Vevo is planning to use the money to expand its international presence and invest in creating original music-related content to augment its growing library of official music videos from Sony and Universal, but not those from Warner Music Group, which operates competing YouTube music channels.
Terms of the deal, as well as the timing of the agreement, were not disclosed. Vevo did not immediately respond to a request for comment.
Vevo's contract with YouTube ended in April and has been operating under a temporary extension while the negotiations took place. At issue was the ad revenue split that YouTube would be able to claim for Vevo's videos. In May, VEVO accounted for 50.2 million unique viewers on YouTube, making it the top channel partner on YouTube, according to comScore's monthly Media Metrix report.

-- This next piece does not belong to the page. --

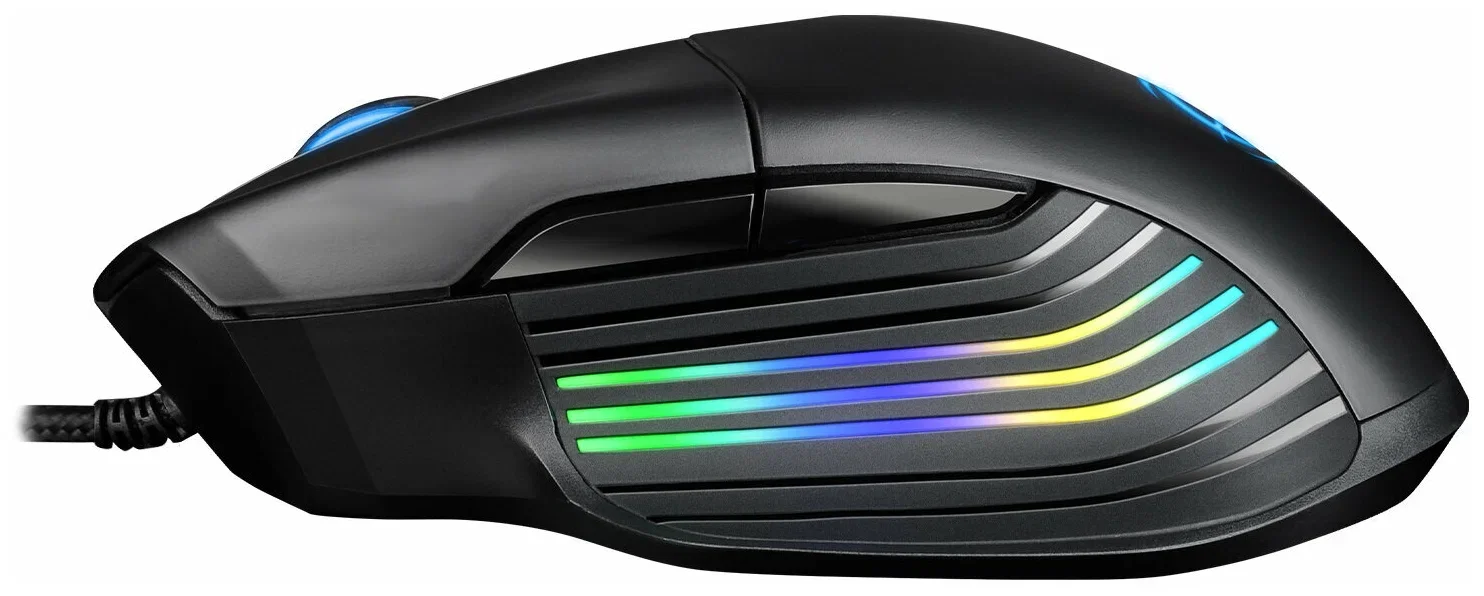 Мышь проводная Jet.A Panteon PS120 черный, 6200 dpi, USB, кнопки - 8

With so many viewers, YouTube could ill afford to lose Vevo. On the other hand, the vast majority of Vevo's video views come from YouTube users.
The multi-year renewal ends the uncertainty around VVevo's symbiotic relationship with YouTube, bringing a level of stability to VEVO's business model.
Vevo has been busy trying to raise capital for its ambition to grow into a global media brand centered around music, retaining Allen & Co. earlier this year to facilitate negotiations and financing. Among the companies approached back in February is Guggenheim Partners, which owns Billboard's parent company, Prometheus Global Media.